アルジェリアにフランスが勢力を伸ばし始めたのは19世紀前半らしい。しかし植民地としての地位を確立したのは1905年であるという。なにか法律でも出来たのであろう(電子辞書版百科事典による)。
ジャックの父は1913、4年(つまり第一次大戦直前)フランスから入植地の管理人として赴任したがすぐに戦争に招集され、あっという間に欧州戦線で戦死する。父親すなわち最初の人間である父を知ろうとジャックは巡礼の旅にでるのであるが(故郷に母や親族を尋ねるのであるが)誰の記憶にも残っていない。
だからジャック自身が最初の人間なのである(というのが題名の意味だろう)。フランスからのアルジェリアへの入植者はいってみれば日本で1931年から1945年までに実施された満蒙開拓団と同じである。現代ではイスラエルがパレスチナ人の居住地に入植を強行しているのと同じである。
入植者というのは本国で生計が立ち行かなくなった農民が主体である。中には本国で失業した肉体労働者そして一部の事務労働者(サラリーマン)もいたであろう。ジャックの父は管理人という立場で赴任したのだからフランスではどうにか文字の読める階級であったらしい。
当然現地のベルベル人、アラブ人との紛争がおこる。現地人による残虐行為がある。フランスの軍隊、官憲も報復する。入植地ではどこでもあることである。

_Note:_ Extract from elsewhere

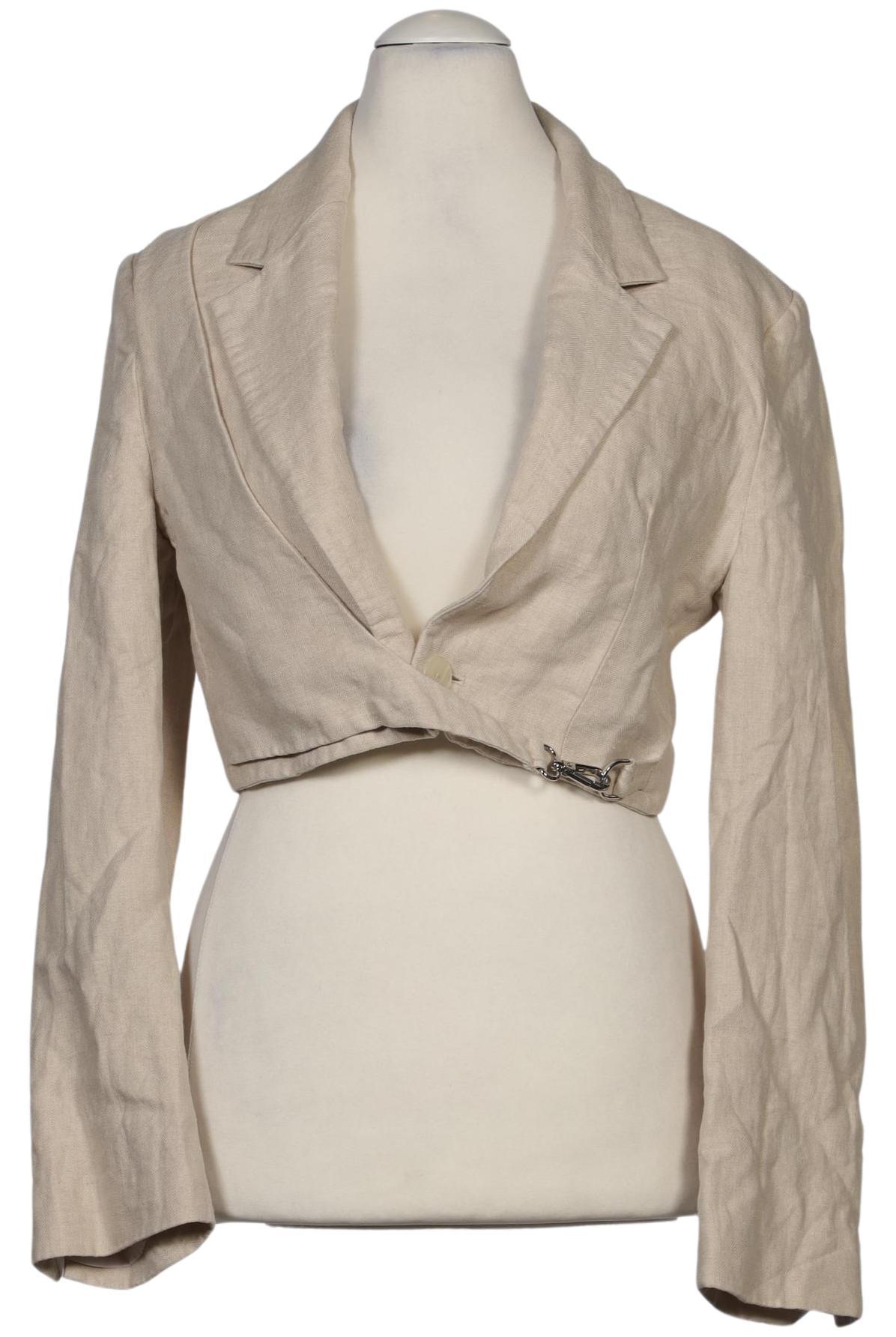 

Mango Damen Blazer, beige, Gr. 36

父は現地アルジェリアで先住の欧州人家族から妻を調達したらしい。夫が戦死したから妻(母)一族はアルジェに出て来た。ジャックはそこで育つ。
ところで前回カミュの幼少年時代に電灯があったのかあまり記述に記憶に残る所が無かったと書いたが、「最初の人間」の第二部にいたり、石油ランプの記述が頻出する。つまり貧困地区の家庭では電灯は敷かれていなかったのである。
カミュは太陽の作家である。光線の作家である。意識の芽生えてくる少年期の恐怖は闇(すなわち夜)である。そこで夜の不安を語る様になって急に石油ランプへの言及が多くなった。
アルジェリアは8年間にわたる独立戦争により1962年フランスから独立した。カミュが自動車事故で死んだ二年後であった。